FIGS. 4 and 5 depict the container inserted into the wire support rack 100. As can be seen in these figures, the bottoms 22 of the pockets 12 of the container 10 rest upon wire support elements 110. The upright portions 106 of the wire separators 104 are disposed within the apertures 30 of the container 10. As previously stated, the stiffness of the front flange 26 and the flexure regions 32 cause the pockets 12 to be biased adjacent to each other as shown in FIG. 5 upon removal of the bending force. To remove the container 10 from the wire support rack 100, the adjacent pockets 12 are spread apart along the borderlines 28 as previously described. The adjacent pockets are spread apart sufficiently to clear the upper portion 108 of the wire separators 104 thereby enabling the container 10 to be removed from the wire support rack 100. The insertion and removal procedure is preferably performed with the articles already disposed within the pockets 12. It is preferred that the supplier of the articles ship them to the point of sale already positioned within the pockets 12 of the container 10. In this way, the prior articles are all removed at one time by removing the container 10 and the replacement articles are replaced all at one time since have already been inserted into the pockets 12 of the container 10 by the shipper.
The vertical flange 26 may be utilized to display legends containing advertising and sales information or any other type of information, as well as decoration or ornamentation designed to attract and inform buyers regarding the articles stored and displayed within the container 10. This information can be molded into the flange 26 of the container 10 at the time it is made, or can be applied after the manufacture of the container by means of preprinted adhesive labels and the like.
As can be seen from the above detailed description, the packaging and display container of the present invention enables the creation of an attractive display of articles to be sold by providing a storage and display container which can be molded of materials in inviting colors and which can incorporate alluring designs or other ornamental features as well as descriptive, marketing and/or sales information all of which is designed to encourage the consumer to purchase the articles stored therein. In addition, the container of the present invention reduces handling required to replace articles to be displayed by enabling the user to remove the container and all of its stored articles at one time and to replace these articles with new articles which have been prepacked into the container and therefore are insertable into the display rack all at one time.

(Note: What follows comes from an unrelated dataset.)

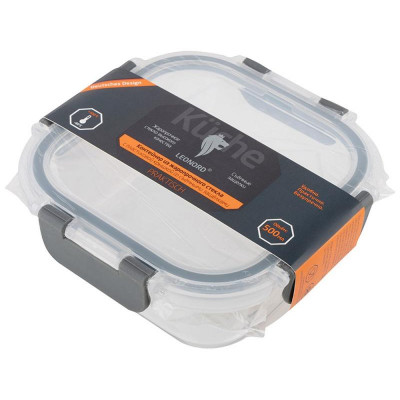 106024 Контейнер из жаропрочного стекла Leonord Praktisch с крышкой из пластика (0,5л)-2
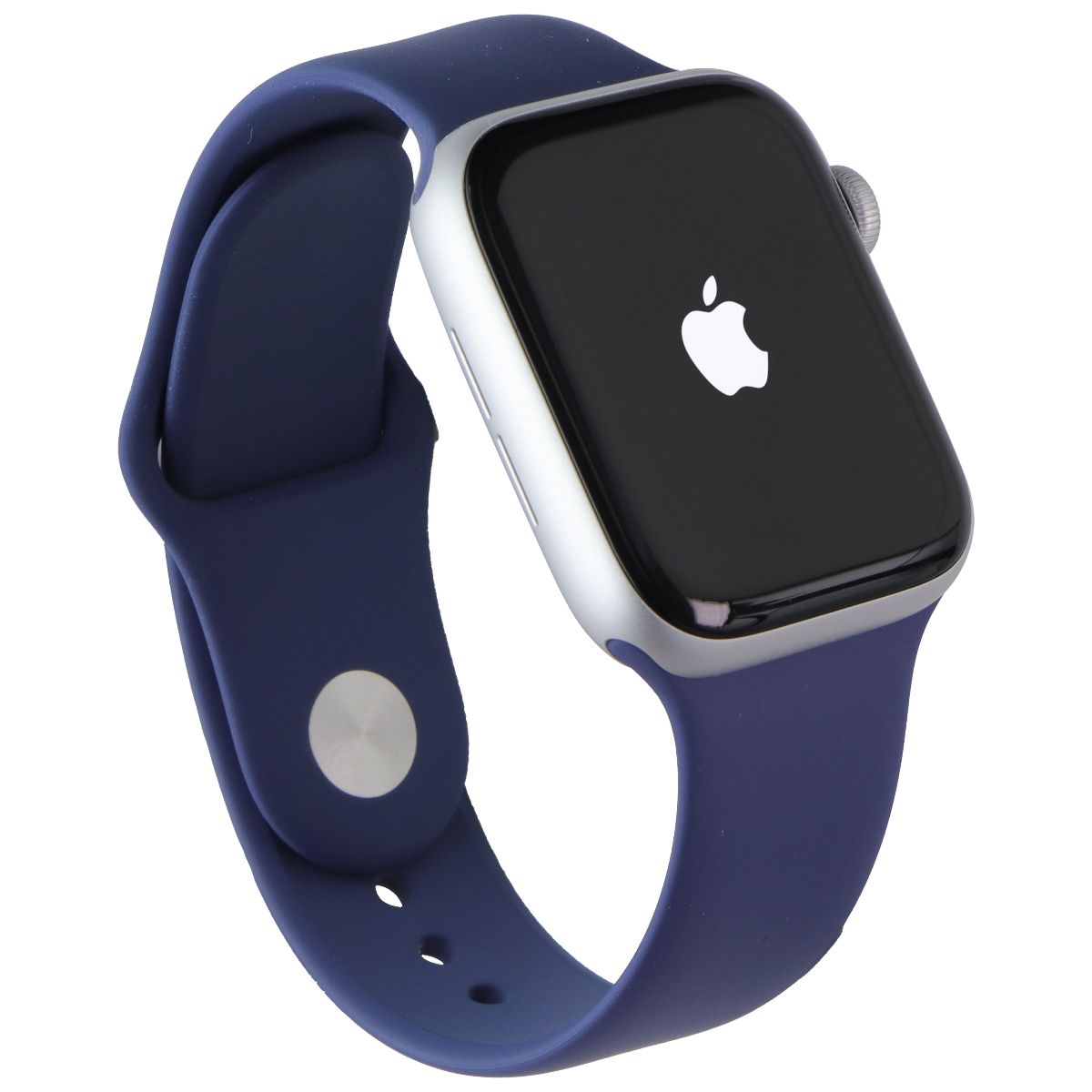 Apple Watch SE (2nd Gen) GPS + LTE (A2727) 44mm - Silver AL/Denim Sp Band (M/L) Smart Watches Apple - Simple Cell Bulk Wholesale Pricing - USA Seller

While the principles of the invention have now been made clear in an illustrative embodiment, there will be apparent to those skilled in the art, many modifications of structures, arrangements, elements, materials and components used in the practice of the invention and otherwise, which are particularly adapted for specific environments and operating requirements without departing from those principles. The appended claims are, therefore, intended to cover and embrace any such modifications within the limits only of the true spirit and scope of the invention.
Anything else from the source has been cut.